Basic index compression - identify candidates and estimate prefix length

August 30, 2017

Basic index compression - identify candidates and estimate prefix length

Goal:

Identify candidates for index compression quickly using statistics before running
ANALYZE with VALIDATE STRUCTURE

Loosely based on:

http://allthingsoracle.com/compression-in-oracle-part-4-basic-index-compression/

https://richardfoote.wordpress.com/category/index-compression/

This code contains heaps of assumptions and estimates, and has plenty of room for improvement.
Estimates are use: table, column and index statistics ( distinct_keys, leaf_blocks, num_rows, avg_col_len)

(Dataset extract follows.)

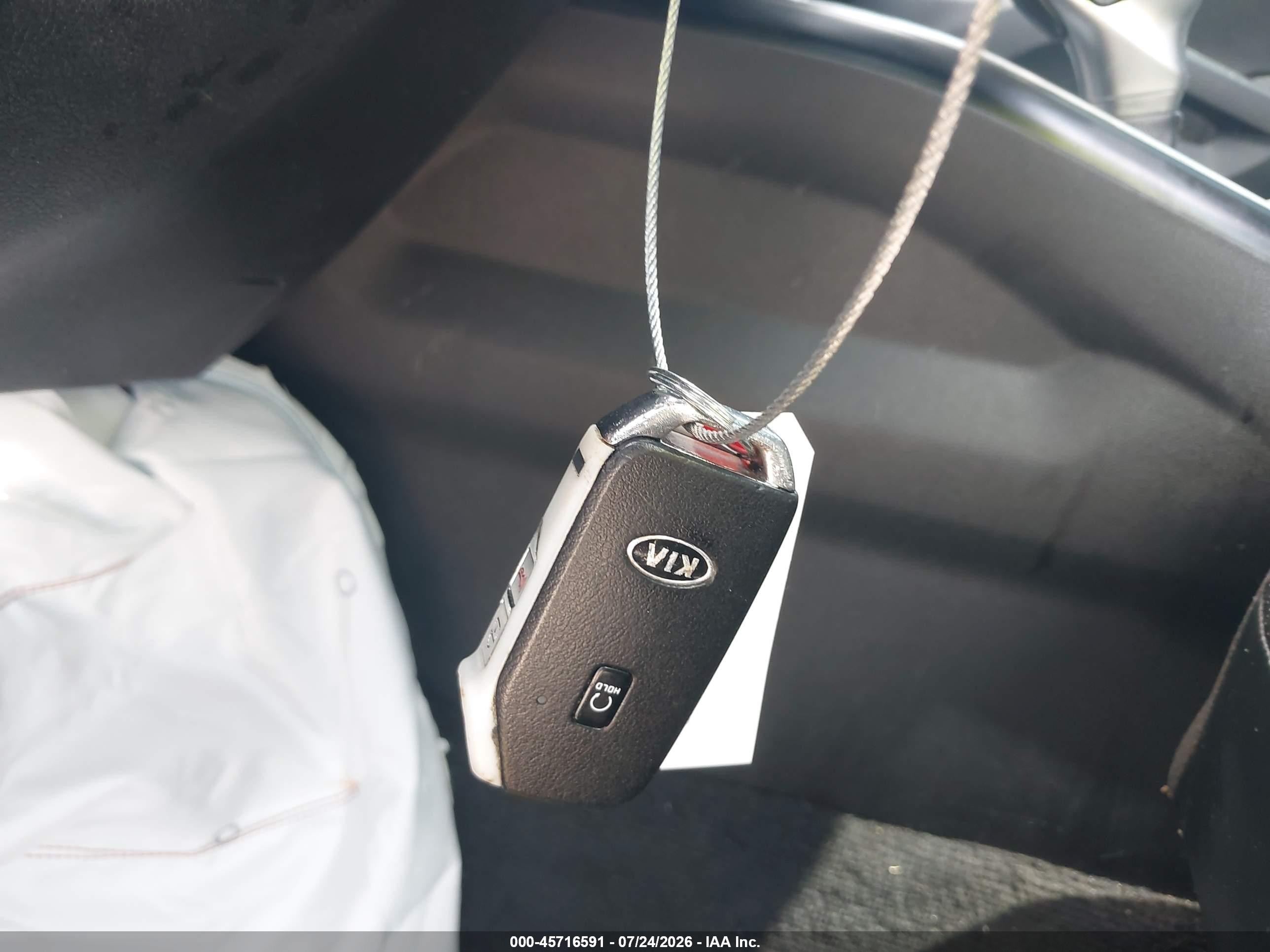2021 Kia Sorento S Gray vin: 5XYRL4LC1MG018521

The last column gives an estimated savings in MB - a negative value means the index is expected to grow in size given the new prefix length.

Remember:

The data stored in the index is not actually compressed, duplicate values are removed.
A smaller index is good for memory as well as disk.
If there is empty space above pctfree, the index will shrink even further than estimated when it is rebuilt with compression. You will also get this from validate structure.
Read Richard Foote's blog for a more detailed explanation of how (and when) index compression works.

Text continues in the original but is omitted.